Studying can be expensive. While costs inevitably vary across Europe, you could expect to invest upwards of €1,000 a year for tuition fees, plus an average of €800 per month on living costs. For many students, this is simply too expensive to self-fund, and they may consider getting a part-time job to help with the costs. But should you work while you study? And what are the advantages and disadvantages of working while studying?
We’ve investigated the pros and cons of working while studying to help you decide if it’s something you should do. In the end, it will all depend on your financial situation, but there are some things you should take into account before you go out and find a job.
Can you work while you study?
Firstly, it’s worth seeking help from your university if you’re considering working while studying. Some universities (for example, Oxford and Cambridge) actively discourage students from getting a part-time job. If this is the case and you’re struggling financially, you may be able to get some funds from your university to help with your living costs.
Additionally, if you’re studying on a visa, you should check your specific requirements for working while studying. For many students in the UK, if you’re studying a full-time Bachelors or Masters programme you will have a limit of 20 working hours per week. If you’re an EU citizen studying in Europe, there are no limits on how often or long you can work. However, if you’re a non-EU citizen on a student visa, you will have to check the requirements, as these will be unique to the country you are studying in. For example, in the Netherlands, non-EU citizens are allowed to work a maximum of 16 hours per week while they study (an exception applies for June, July, and August) and you’ll need a work permit to do so.
Now that you’ve clarified if you’re allowed to get a part-time job during your degree, let’s have a look at the advantages and disadvantages of working while studying.
Advantages and Disadvantages of Working While Studying
One of the biggest advantages of working while you study is that you can boost your income. Even if you have a scholarship or are self-funding your studies, working part-time can help you improve your student lifestyle or save for the future.
If you’re studying abroad, having a little extra cash could help you to explore everything that your student city has to offer. Or, you might save some money to travel the country and boost your study abroad experience.
Additionally, getting work experience can boost your career prospects. It will show employers that you’re determined and adaptable, even if you just work as a waiter. It can take a lot of time management and organisation to juggle working and studying, but it will prove to companies that you have a good work ethic.
A part-time job is also a great way of meeting new people and broadening your horizons. If you’re learning a new language while studying abroad, working is also a great way of practising your target language in a natural environment.
However, there are some big disadvantages to working while studying.

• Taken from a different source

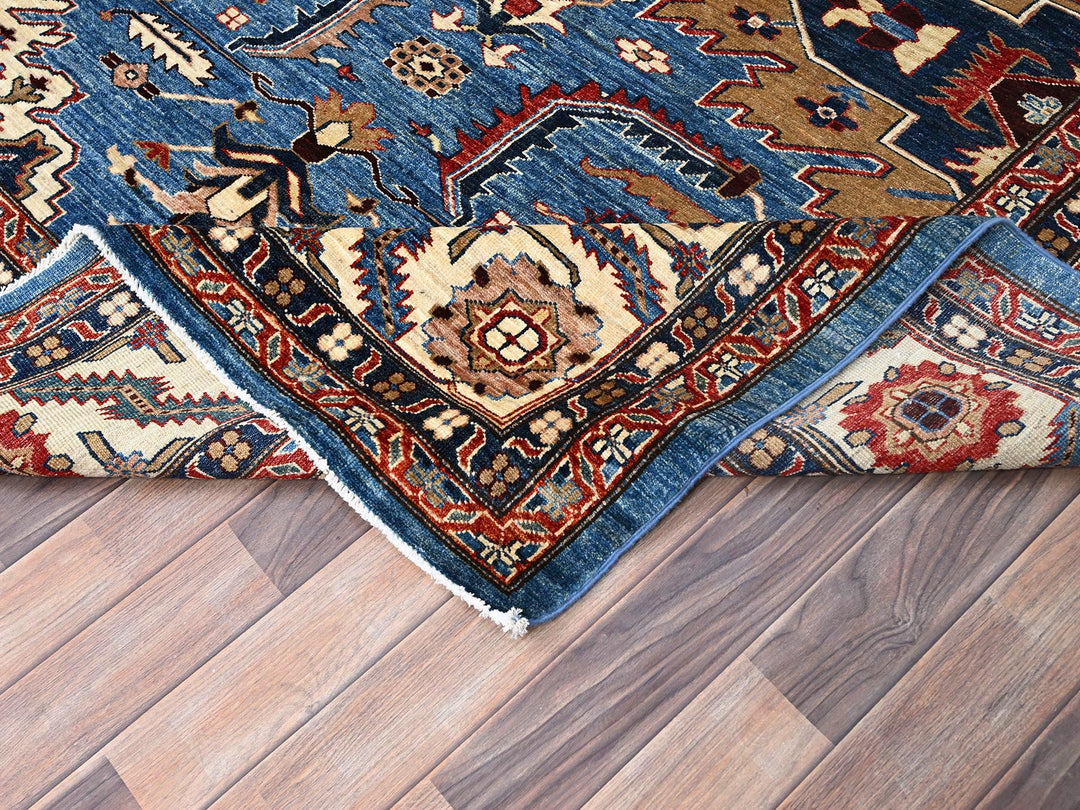 9'11" x 13'4" New Hand Knotted Blue Wool Rectangle Oriental Rug - MOA10286266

Chief among these is that you will have less time to dedicate to study if you have a part-time job. If you’re working 15-20 hours every week, plus attending lectures, workshops, or seminars, there’s a lot to manage. If you know that you’re not good with time management or working under pressure, consider whether working while studying will be worth it. Don’t take a part-time job if it means you can’t dedicate enough time to the degree you’ve chosen!
Working while studying can also take a lot out of you mentally. Keeping track of all your university deadlines while staying focused at your part-time job can be difficult. Be mindful that if it starts to take a toll on you, and you’re able to quit your part-time job, you should do so. If you can’t, make sure to factor in time during your week to de-stress, perhaps by doing exercise or a hobby you enjoy.
Conclusion: Should I work while studying?
There are lots of factors that go into deciding whether or not you should work while studying. In the end, it will come down to the necessity of earning some extra money. If you’re studying in a very expensive city – for example, London – having additional income can help improve your student experience. On the other hand, a part-time job can make your time at university more stressful.
Consider the type of degree you have chosen and how much time you will have to dedicate to it. Humanities degrees are often more flexible with how you use your time than a STEM degree, for example.
If you have good time management skills, then a part-time job is a great way of boosting your employment prospects. But remember that your mental health comes first. If it becomes too stressful, focus your attention on your studies and your health.